» **LISTED ENTRIES**:
··········

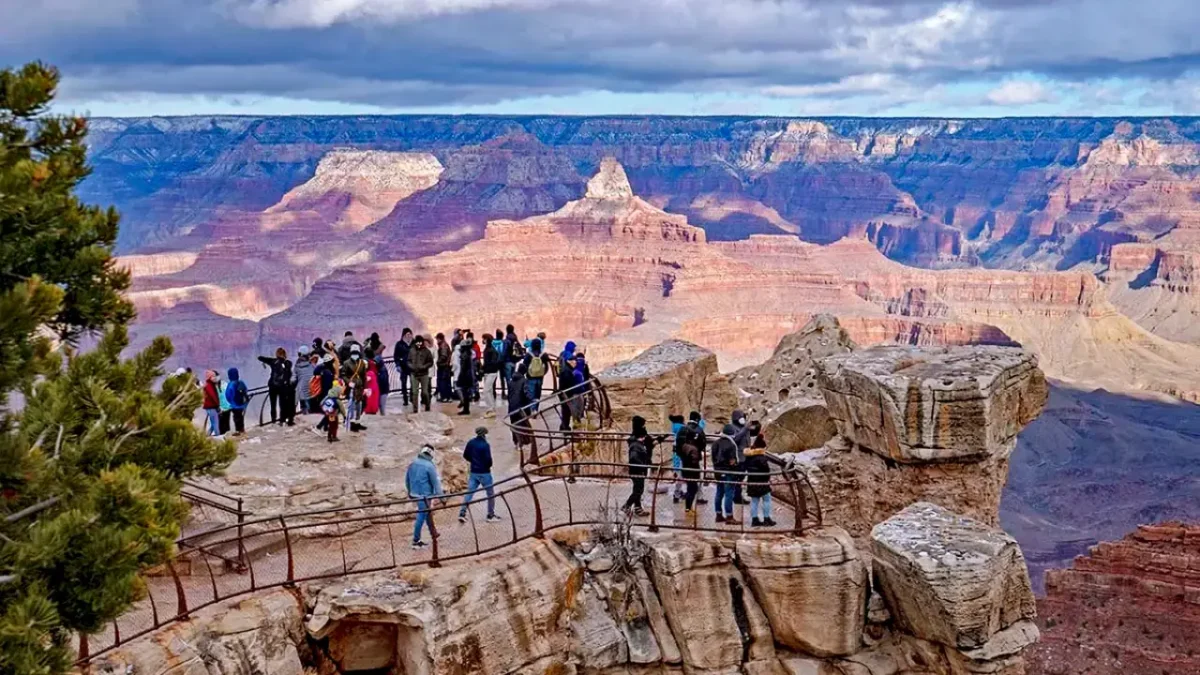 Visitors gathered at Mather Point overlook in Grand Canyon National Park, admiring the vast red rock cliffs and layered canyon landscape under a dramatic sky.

··········

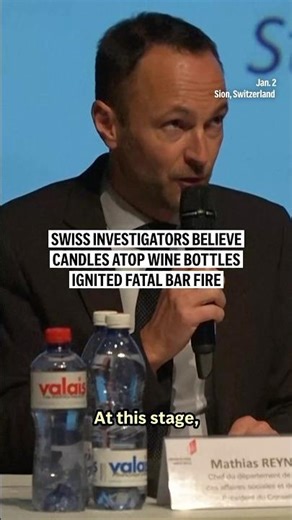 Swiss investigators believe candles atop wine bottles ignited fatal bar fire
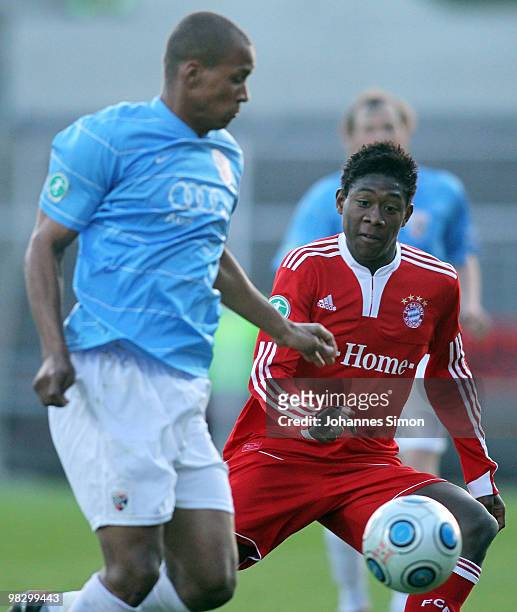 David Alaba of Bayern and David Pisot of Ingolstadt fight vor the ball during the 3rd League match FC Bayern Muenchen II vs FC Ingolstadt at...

··········

» **TASK GOAL**: Print exactly the lines above that run from the one with "Swiss investigators believe" to the one with "David Alaba of", both included. No pictures.

» **REPLY**:
 Swiss investigators believe candles atop wine bottles ignited fatal bar fire
 David Alaba of Bayern and David Pisot of Ingolstadt fight vor the ball during the 3rd League match FC Bayern Muenchen II vs FC Ingolstadt at...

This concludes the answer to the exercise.